Blog, hey, how are you? Been a while.
Me? Oh, um, yeah. Sorry I forgot to write up posts in advance so I could flick them out with alacrity. There you go, that’s a nice word for you. Not used much in general convo. Bask for a bit, okay?
Enough silliness. This blog isn’t intended to be a personal whingefest but forgive me a moment of introspection.
I’ve been feeling a little lost lately. There are a couple of things in my life that I’m unhappy about, but I haven’t sat down and really gathered up the energy to fight against them. I’ve sort of… flopped. And I want to stop flopping, for I am no salmon but I am trying to swim upstream.
I started to change a little while back, in a good way. It was exhilarating in a sort of small scale, wholesome and healthy sense. I was being social, both in person and in text, without giving myself the introverted heebie-jeebies of going overboard and crowding myself into a mental corner. I was shaping my life around goals; don’t get me wrong, I’m lazy and I’m a procrastinator of the highest calibre, but I was motivated. For a month, I did something every day that related in some way to a personal goal. I learned, I thought, I created. It was so positive that I barely knew myself.
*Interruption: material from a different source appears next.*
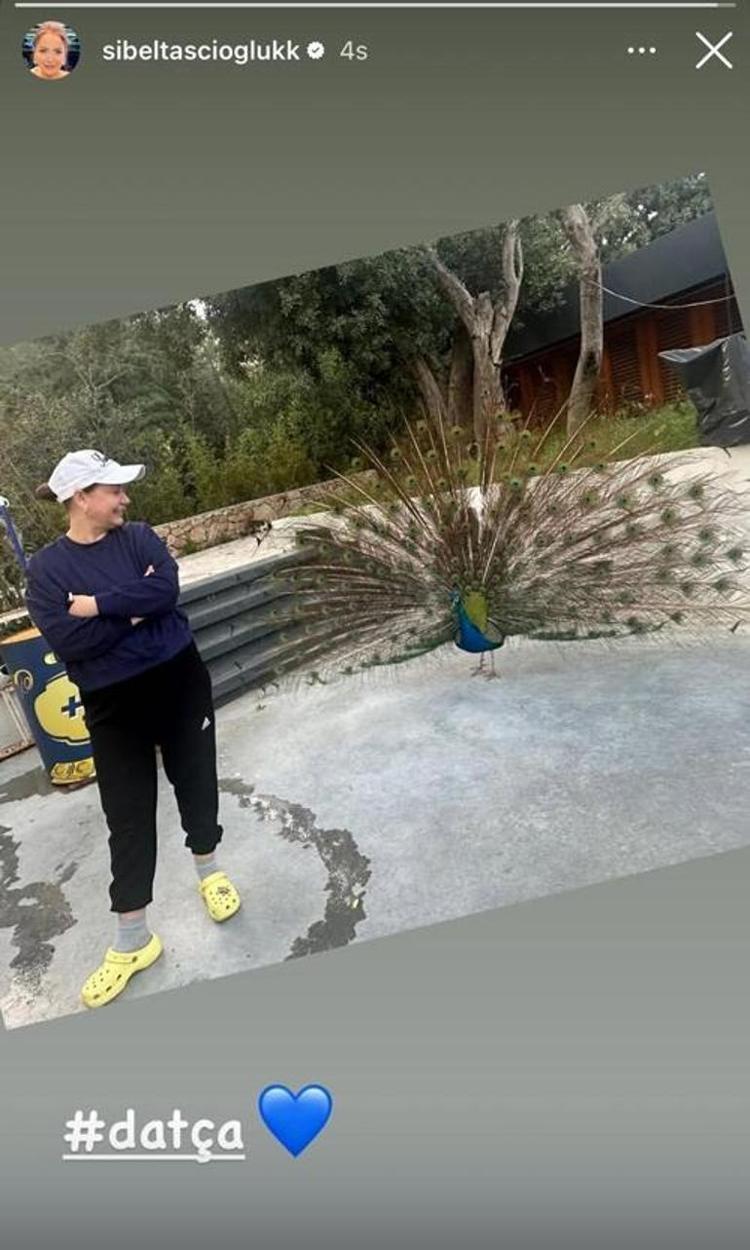 Diziden ayrılan Sibel Taşçıoğlu soluğu tatilde aldı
Just as I was nurturing this part of me, some personal circumstances changed and I’ve found myself back in a sterile environment where nothing has shifted but something inside me has. And the little green shoot that was growing has been stomped on- and I can’t even blame anyone but myself because ultimately, it’s me that’s the problem. It was my own boot that came down hard.
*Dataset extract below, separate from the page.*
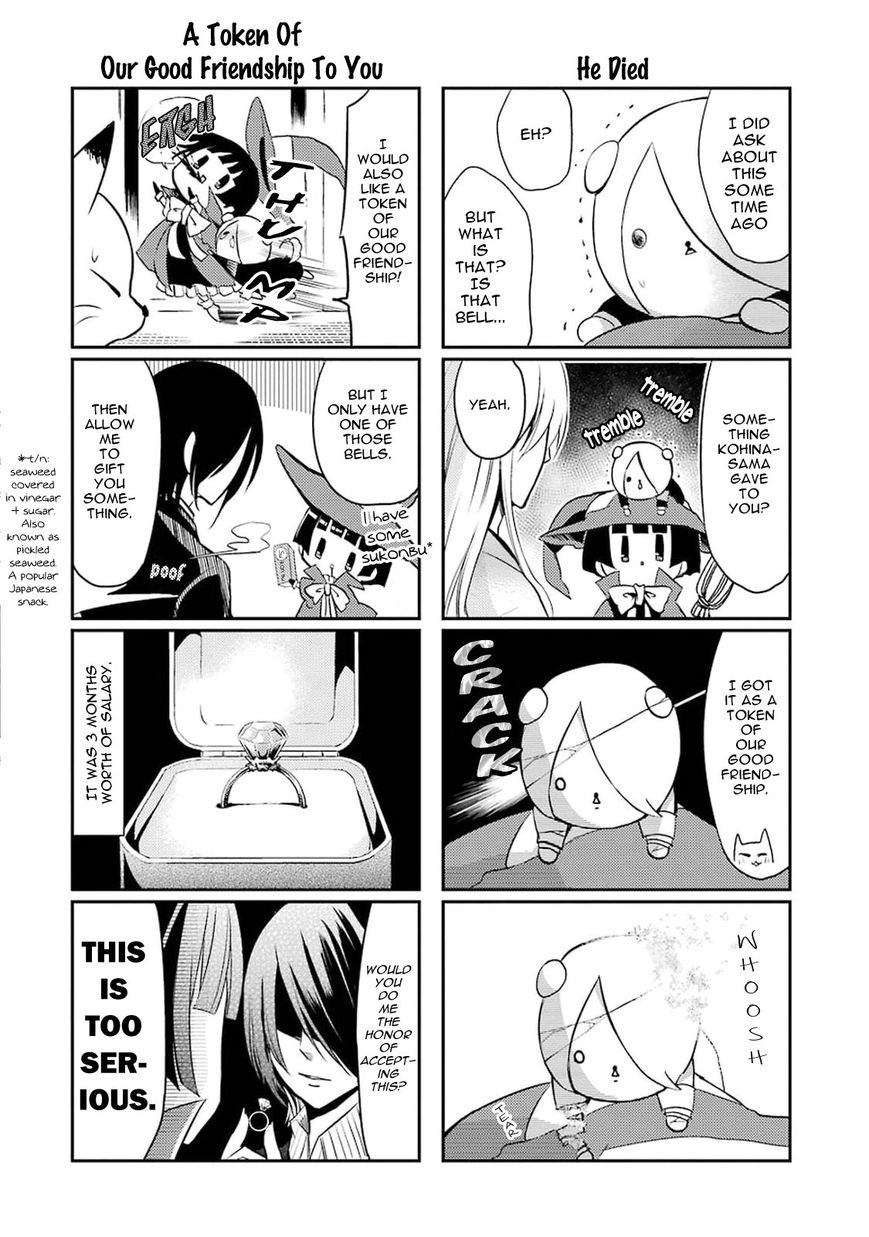Gugure! Kokkuri-san Chapter 8 page 9 - Chapter 8 : Ah, The Eve of Halloween Feels More Famous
We are all, in the end, our problems because of how we choose to react.
I’ve crumbled. And I will break if I’m not careful, because I’ve done it before.
This week, the new Amber is going to get a foothold in her life unlike she ever has previously. I can’t guarantee that it’ll work but I’m damned sure I’m going to try.
I’ve chosen to make a post about this because I think sometimes it’s useful to verbalise things previously only thought, if only because- in my case, at least- my brain is not exactly my number one fan. But also because of this:
If you’re having a tough time right now, keep sight of yourself. If you don’t know who you are or what you should be doing, don’t worry. Remember that the world is filled with infinite possibilities, even if if feels very small right now, inside your chest, and that it is never too late to change.
You won’t always have good choices in front of you, but you will always have a choice. Make the one that sets you alight.